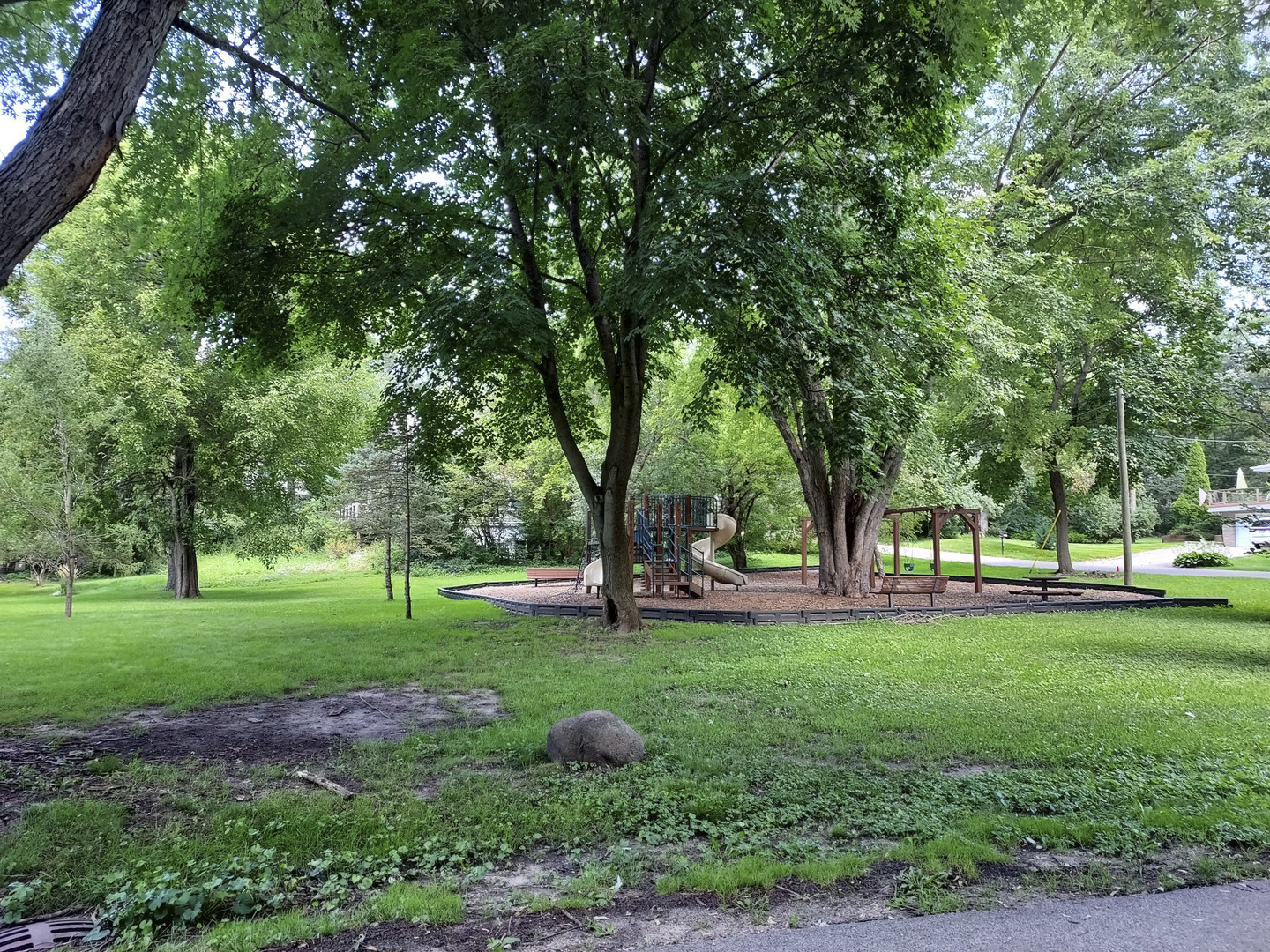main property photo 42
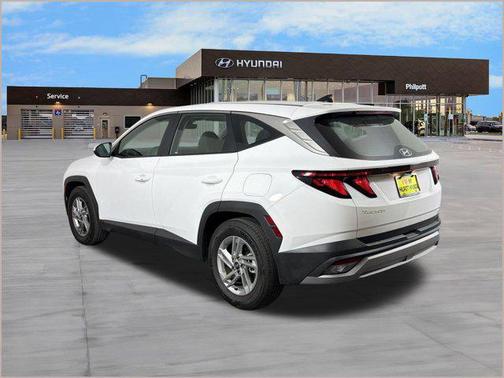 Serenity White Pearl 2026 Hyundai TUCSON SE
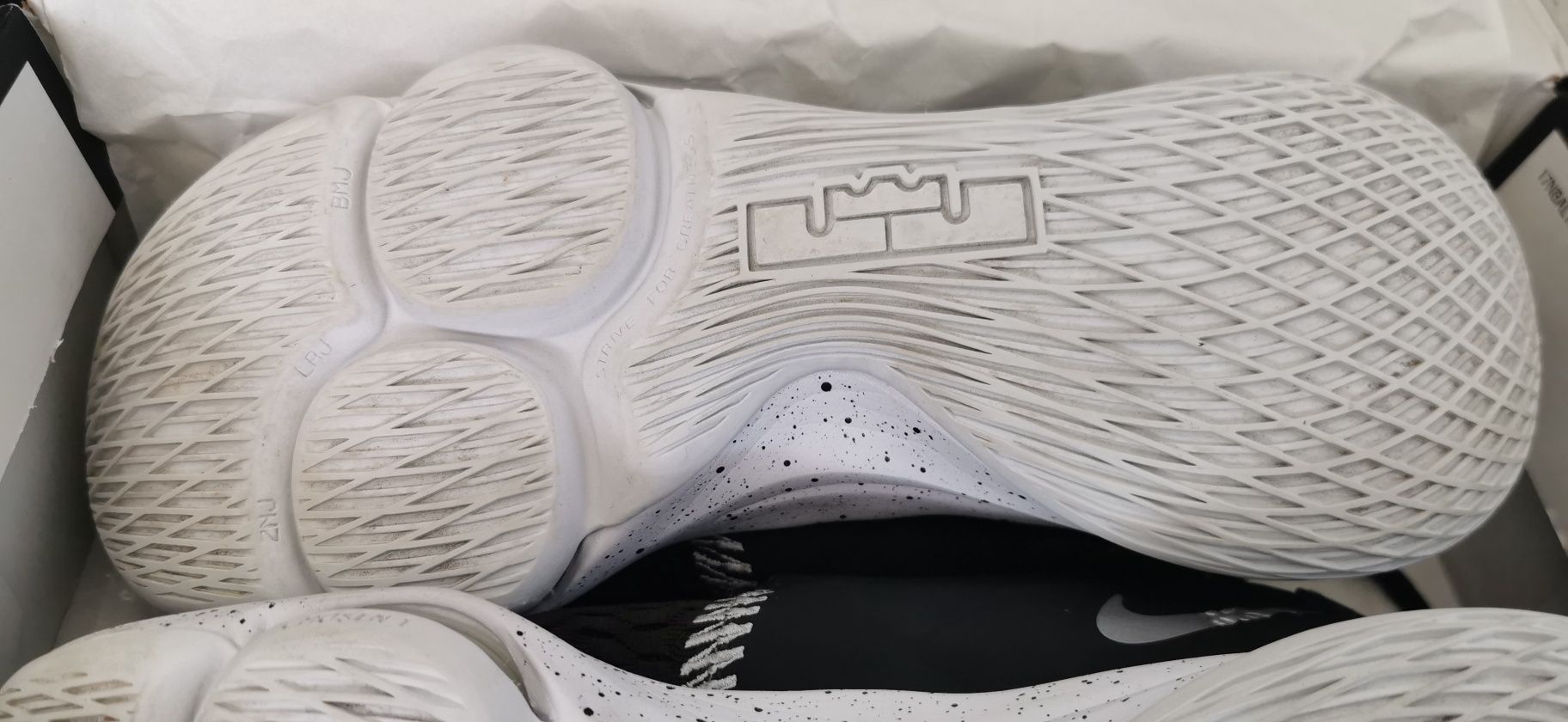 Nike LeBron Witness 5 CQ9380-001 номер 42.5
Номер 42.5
++++++++++++++++++++
Reproduce the listing verbatim, pictures excluded.

● Result below:
main property photo 42
 Serenity White Pearl 2026 Hyundai TUCSON SE
 Nike LeBron Witness 5 CQ9380-001 номер 42.5
Номер 42.5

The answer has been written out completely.